O município de Rubinéia, por exemplo, deve em boa parte a ele o fato de não ter sido simplesmente riscado do mapa, quando a formação do lago da hidrelétrica de Ilha Solteira condenou dois terços de seu território à submersão nas águas do Paranazão – aí incluída toda a área urbana e a maior parte de suas terras cultiváveis. Desde que a Cesp começou, em 1969, a desapropriar e demolir as casas e os estabelecimentos comerciais da cidade, Higa começou a registrar no “Estadão” os clamores da população e, em 1973, quando as águas começaram a encobrir as ruínas, já havia uma nova Rubinéia, erguida em área próxima. A cidade fora poupada da morte por afogamento, uma vitória dos líderes locais, como Alcides Silva, Rubens Messaro e Osmar Novaes, um desfecho feliz para as dezenas de escritores e poetas com cujos nomes Rubineia batizara suas ruas e praças, a comprovação da influência de um jornalista que, a muito custo, concordou em sair do anonimato para receber o título de Cidadão Honorário Rubineiense.
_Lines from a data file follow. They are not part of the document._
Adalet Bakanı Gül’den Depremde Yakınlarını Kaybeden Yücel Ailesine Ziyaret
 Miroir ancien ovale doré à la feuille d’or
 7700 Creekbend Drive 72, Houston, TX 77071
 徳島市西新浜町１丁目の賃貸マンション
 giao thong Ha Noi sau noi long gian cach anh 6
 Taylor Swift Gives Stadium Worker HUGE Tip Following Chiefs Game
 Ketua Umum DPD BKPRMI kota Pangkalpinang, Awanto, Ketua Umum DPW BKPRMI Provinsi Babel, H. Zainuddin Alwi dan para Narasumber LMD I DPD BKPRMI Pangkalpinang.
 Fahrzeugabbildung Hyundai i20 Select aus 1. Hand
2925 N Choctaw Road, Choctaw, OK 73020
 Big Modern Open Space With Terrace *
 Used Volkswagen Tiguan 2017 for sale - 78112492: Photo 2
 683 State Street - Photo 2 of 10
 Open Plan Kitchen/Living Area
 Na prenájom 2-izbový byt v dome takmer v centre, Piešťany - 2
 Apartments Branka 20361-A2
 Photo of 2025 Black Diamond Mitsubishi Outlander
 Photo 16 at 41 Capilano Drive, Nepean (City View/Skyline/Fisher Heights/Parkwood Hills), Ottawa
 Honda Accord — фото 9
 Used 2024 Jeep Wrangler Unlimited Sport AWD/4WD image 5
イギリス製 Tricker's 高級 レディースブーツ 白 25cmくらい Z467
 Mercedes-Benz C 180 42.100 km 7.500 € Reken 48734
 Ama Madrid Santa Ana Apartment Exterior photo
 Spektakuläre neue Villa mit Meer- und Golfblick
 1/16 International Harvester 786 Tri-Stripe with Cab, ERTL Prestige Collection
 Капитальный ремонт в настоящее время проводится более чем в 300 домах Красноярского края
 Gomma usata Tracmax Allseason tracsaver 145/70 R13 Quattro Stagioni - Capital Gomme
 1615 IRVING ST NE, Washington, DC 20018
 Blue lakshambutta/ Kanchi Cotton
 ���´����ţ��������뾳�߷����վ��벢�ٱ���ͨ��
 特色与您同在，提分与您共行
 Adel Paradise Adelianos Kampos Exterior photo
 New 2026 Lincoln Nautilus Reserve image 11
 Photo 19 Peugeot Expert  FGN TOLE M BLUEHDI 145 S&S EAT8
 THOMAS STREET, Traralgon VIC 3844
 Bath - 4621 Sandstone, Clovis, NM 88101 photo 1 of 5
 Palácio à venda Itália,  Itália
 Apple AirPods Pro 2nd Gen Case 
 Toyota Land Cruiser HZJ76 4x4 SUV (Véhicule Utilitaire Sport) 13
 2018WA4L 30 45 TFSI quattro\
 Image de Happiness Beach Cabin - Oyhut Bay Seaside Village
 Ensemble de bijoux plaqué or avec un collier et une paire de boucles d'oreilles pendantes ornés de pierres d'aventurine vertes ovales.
Me lembro que estive lá, acompanhando-o na merecida homenagem e pude testemunhar o sacrifício incalculável dele para romper a barreira de uma timidez doentia e aparecer sob os holofotes para receber os aplausos e os agradecimentos dos cidadãos que abarrotavam o acanhado plenário da Câmara Municipal.
O noroeste paulista – cercado pelas represas formadas pelas hidrelétricas implantadas nos rios Paraná, Grande e Tietê – também deve ao correspondente do “Estadão” o slogan poético que adotou ainda nos anos 70: Região dos Grandes Lagos.
Como repórter dos jornais e emissoras locais, Higa sempre foi um incômodo azougue para boa parte dos políticos rio-pretenses, entre eles os ex-prefeitos Lotf Bassitt e Adail Vettorazzo. Lotf costumava realizar com seus assessores e aliados reuniões secretíssimas para tratar de estratégias confidenciais e, no dia seguinte, ao receber o jornal, dava de cara com todos os segredos tornados públicos com riqueza de detalhes e minúcias.
Soube-se, muito tempo depois, que o autor da proeza era o Higa, que espionava tais encontros ora escondido num dos elevadores privativos que serviam o gabinete do prefeito, ora escamoteado entre as árvores da Chácara do Maquininha, onde algumas dessas reuniões avançavam noite a dentro. Nos anos 1970, serviu-se de um alter ego – Ariel de Deus – para fustigar os políticos com informações apimentadas que os irritavam e os levavam a processos judiciais contra o jornal.
Soube, pelo Laércio Sparapai, que Higa está mais sossegado. Aposentou-se, recolheu-se ao anonimato. Mas continua sendo uma figura imprescindível…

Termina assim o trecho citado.